Others of my kind by James Sallis

 

Good

 

Jenny Rowan is an editor at a TV station in a very near future or alternative history USA. We see her at the beginning of the book meeting with a policeman who asks her to speak to an abductee survivor given the fact that she is also such a survivor. There is a understated horror in the book, very little detail is given as to either abductee’s ordeal but what little we do learn is very dark indeed. Jenny was kept in a box under her abductee’s bed for a considerable amount of time, and taken out to “lay” with every so often. This means the book is not for the faint hearted. Sallis’s style is minimal and sparse and yet he creates a small book with a lot of emotional depth. Rowan’s relationships don’t really go anywhere and she seems to sleepwalk through her job (although she is good at it she tends to do it whilst zoned out) and is emotionally an enigma. As the book is 1st person this style may not work for some people but I found it worked for me. The last act gets a bit unbelievable as the terrorist sub-plot plays out but it never lost my attention.

 

Overall – recommended

 

King Death Toby Litt

 

Brilliant

 

As usual Litt has taken a new turn with a new book as he continues to write a book for each letter of the alphabet. This is a tightly plotted mystery that starts with a Japanese artist, Kumiko, and her boyfriend, Skelton, seeing a human heart hit the roof of Borough Market in London, obviously thrown from the train. Kumiko and Skelton then investigate, mostly separately in their own ways, this mystery.
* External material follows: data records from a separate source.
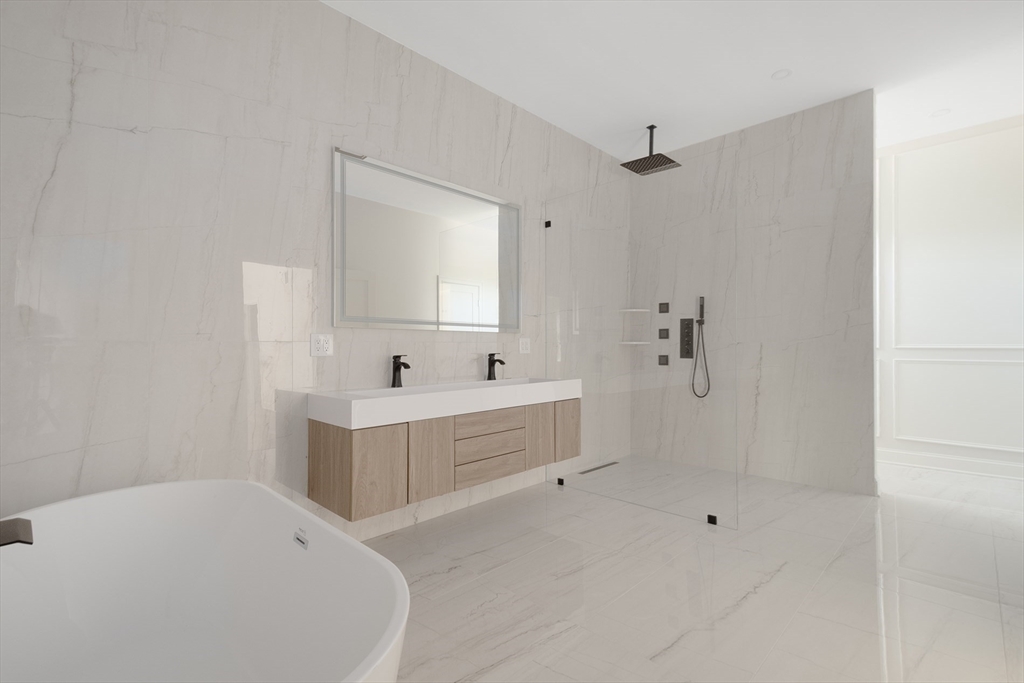 68 Richard Circle Seekonk, MA 02771 - Photo 29 of 40 a bathroom with a sink a mirror and a bathtub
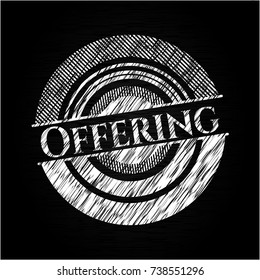 Offering written on a chalkboard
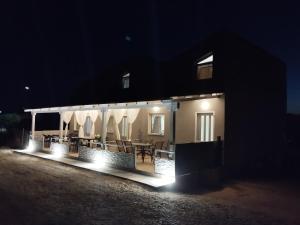 a house with a lit up patio at night at Imeros house in Ímeros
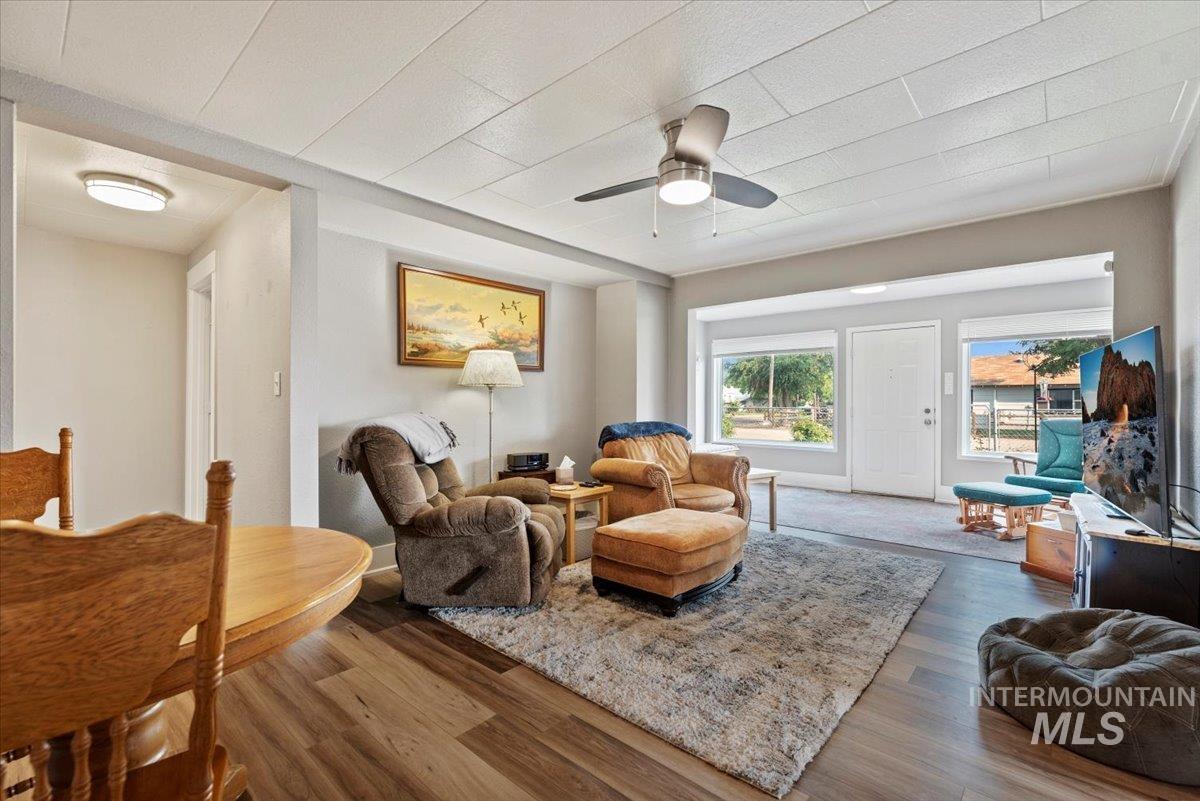 Living room featuring wood finished floors and ceiling fan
In alternative chapters we get alternative POV from Kumiko and Skelton and sometimes see the same episodes from the different POVs and Litt plays with this technique a lot. This book is a little less gripping that the previous ones I’ve read by him but let’s face it a bad Litt is still head and shoulders above most other authors and even though it wasn’t my favourite of his I still devoured it and it kept me glued to the end.

 

Overall – Intriguing little mystery

 

The man who laughs David Hine, Mark Stafford & Victor Hugo

 

Good

 

This is one of Hugo’s less well known works that Hine has substantially revised for this graphic novel version. The story follows a boy who has been mutilated so that he can only grin like a loon (the book insired the character of the Joker in Batman apparently) who comes across a baby in a dead mother’s arms in a storm. He takes shelter with a travelling doctor and they have to make their living entertaining crowds. There is a lot here that is familiar – orphans, hidden identities, travelling entertainers etc but it is told with aplomb and the art is very good.

 

Overall – Classic with new life breathed into it.